Ainda que os meios de comunicação anunciem aos quatro ventos como a mulher avançou no mercado de trabalho, a maioria ainda ganha de 10 a 40 % a menos que os homens para ocupar o mesmo cargo, desempenhar a mesma função ou a mesma tarefa. Essa é uma realidade mundial que une países ricos e pobres. As mulheres foram trabalhar fora de casa, construíram suas carreiras  nas mais variadas áreas do conhecimento humano mas  permaneceram sem educar  devidamente os homens para compartilhar as responsabilidades em regime de igualdade nas tarefas domésticas. E principalmente, não os prepararam para ter cuidado! Com as  coisas, com as pessoas, com as cidades, nem com o planeta.

Essa dificuldade  de prepara os homens para a cultura do cuidado é bastante acentuada na América Latina, onde o Brasil está inserido. Assim, mulheres dedicam grande número de horas  na execução de tarefas não  remuneradas tais como cuidar das crianças (educação, banho, alimentação), zelar pelos enfermos e anciãos, cuidar da saúde dos membros da família. Possuem a função biológica de procriação da espécie humana, limpam  e organizam a casa, lavam a roupa ou cuidam para que casa e roupa sejam limpos ensinando outras mulheres, as empregadas ou   diaristas, a fazê-lo. Assim como serviços  prestados pela natureza como a polinização das plantas e a produção de oxigênio), o trabalho silencioso do cuidado feminino, na prática, não tem status na sociedade contemporânea. Aliás, atualmente,  os serviços da natureza, chamado de serviços ecossistêmicos, já começam a ser valorados enquanto as horas de  cuidado  exercida majoritariamente por mulheres continuam a serem desconsideradas como  um importante suporte para  a parte visível da economia.

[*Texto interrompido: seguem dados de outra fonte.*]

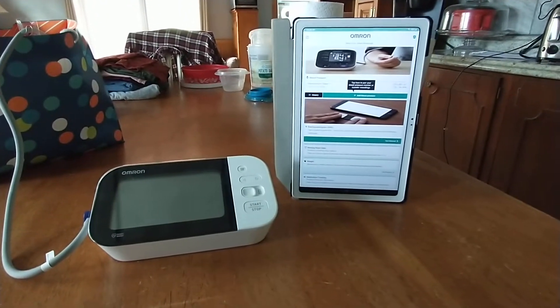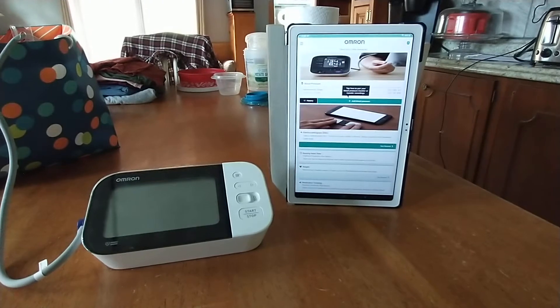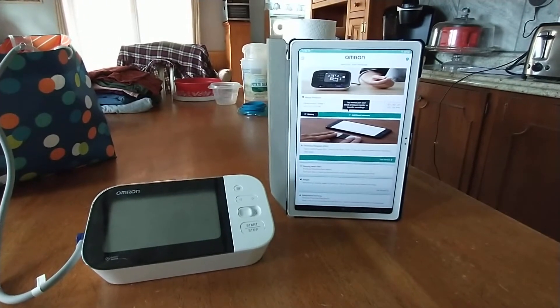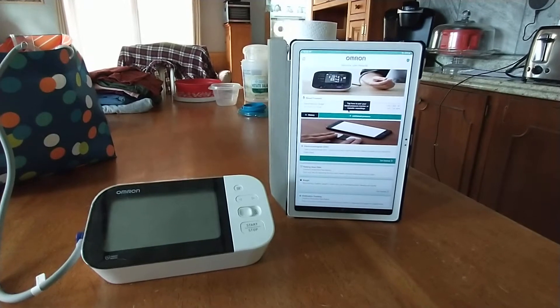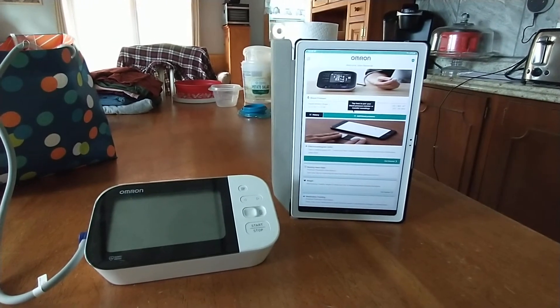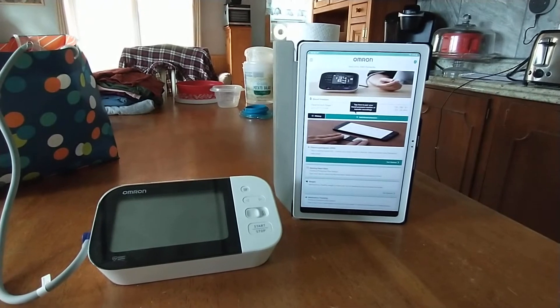A lot of people seem to be having trouble pairing their Omron blood pressure monitor to their phone and transferring recordings. I think I've found how to do it. This is my process and you can try this and hopefully it'll work for yours.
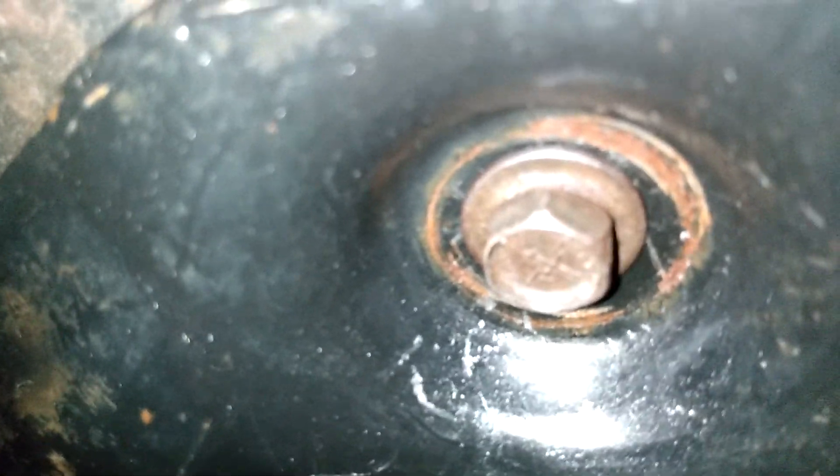Here's the skid plate bolt I put in. I broke one, so I just drilled a hole through the broken bolt and tapped it to 5/16th. I tried this bolt before putting the skid plate on, just by hand, then took it out and put the skid plate back on. There it is — fixed. Now we've got a bolt in there.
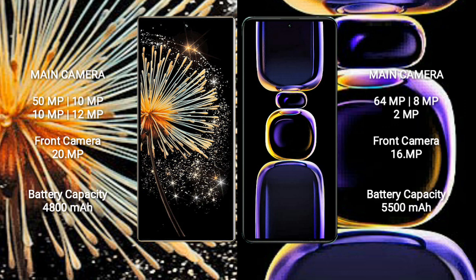Xiaomi Mix Fold 3 features a rear quad-camera setup: 50MP, 10MP, 10MP, 12MP, and a 20MP front camera.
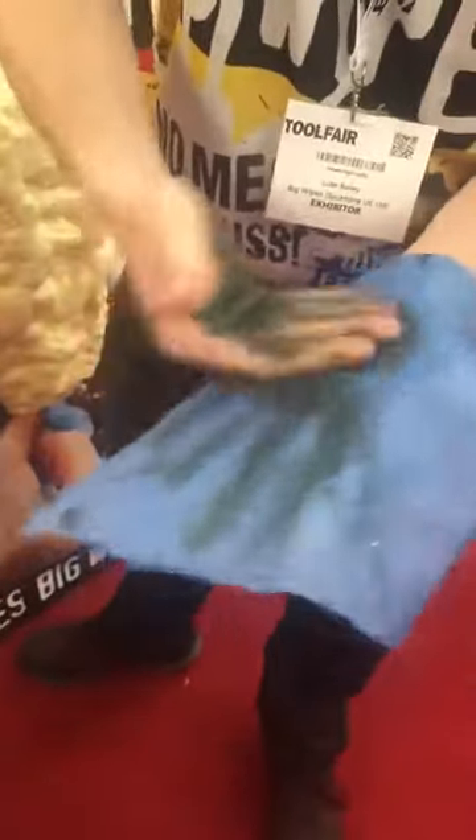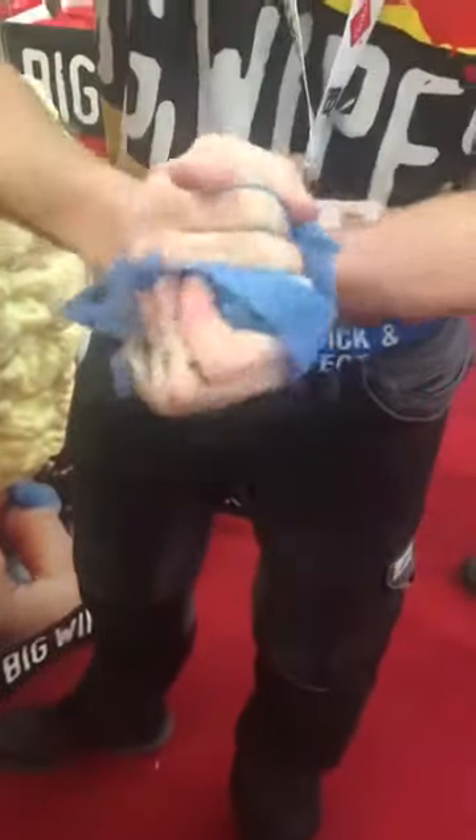Textured side onto my hands like that. As soon as it makes contact, four high-quality skin conditioners and four high-quality cleaning agents work together to remove all of that. With Big Wipes, we don't say 'will it come off?' — we say 'how long will it take?' And I think everybody would agree that was pretty fast. We're off.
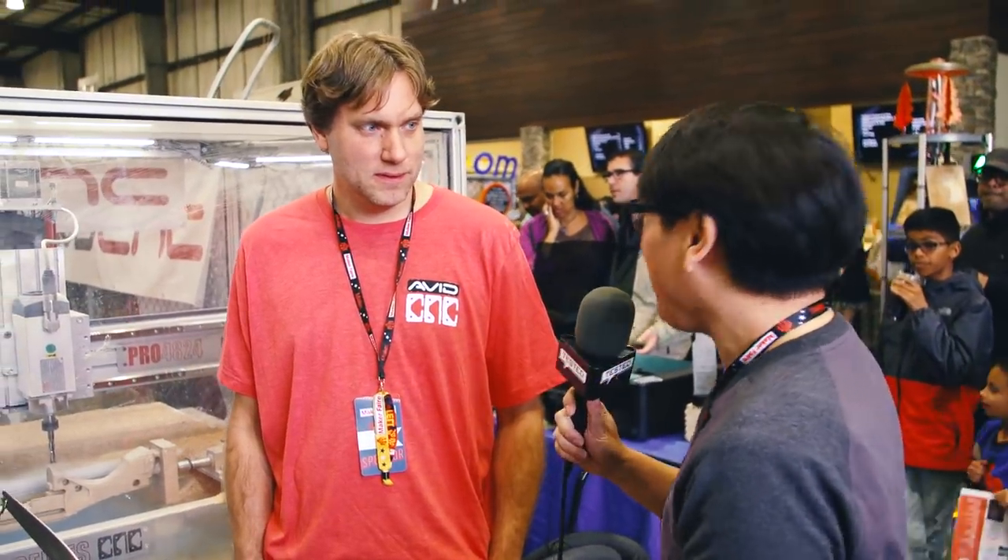Hey everybody, Norm from Tested here at Bay Area Maker Faire 2019. Now here with Aaron and Sammy of formerly CNC Router Parts. We've seen your products before, used them, loved them, but you guys have a new name now.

Hazel Hendersen, uma  das raras economistas de reconhecimento internacional, denomina esse trabalho desempenhado pelas mulheres de “Economia do Amor”.  O ônus de cuidar cai sobre as mulheres, particularmente durante as crises econômicas quando os homens vão embora em busca de novas oportunidades. Como o clima afeta diretamente a  saúde e  a economia, essa é uma das vulnerabilidades específicas das mulheres às mudanças climáticas.

Como lembra Jared Diamond, em seu livro “Colapso”, na raiz de todo problema ambiental existe uma questão política. Raras mulheres possuem preparo para ocuparem o espaço público e, quando ocupam, como várias vezes já falou Marta Suplicy, têm dificuldade de serem ouvidas. Sendo assim, as leis e decisões que afetam o destino de uma nação são em geral feitas sem contemplar a ótica feminina.

Como a questão climática envolve também decisões política de governos, eis aqui mais uma das vulnerabilidades. Há uma urgente necessidade de mulheres bem preparadas ocuparem cargos públicos para  ajudar os homens a tomar decisões saudáveis e sensatas em todas as instâncias que envolvem políticas públicas para que essas possam finalmente contemplar as demandas específicas das mulheres e suas famílias. Há também necessidade das mulheres se informarem e politizarem para fazer  melhores escolhas ao longo da vida  para tornar elas próprias menos vulneráveis aos desastres naturais de maneira geral.  Isso irá se refletir na educação das crianças, na escolha de parceiros e, claro,  na  escolha e cobrança de desempenho  de  políticos em todos os níveis governamentais.  A questão da contracepção também é desafiadora. A mulher precisa educar homens para serem responsáveis pelas suas sementes, participando ativamente do planejamento familiar. Mais um bebe na família significa  também mais um ser humano a consumir recursos do planeta.  O controle de natalidade precisa vir de um despertar de  consciência  da mulher sobre o seu corpo para evitar que, num futuro próximo,  como em um conto de ficção científica, tal controle venha de uma decisão governamental autoritária visando a redução de impacto sobre os recursos do planeta.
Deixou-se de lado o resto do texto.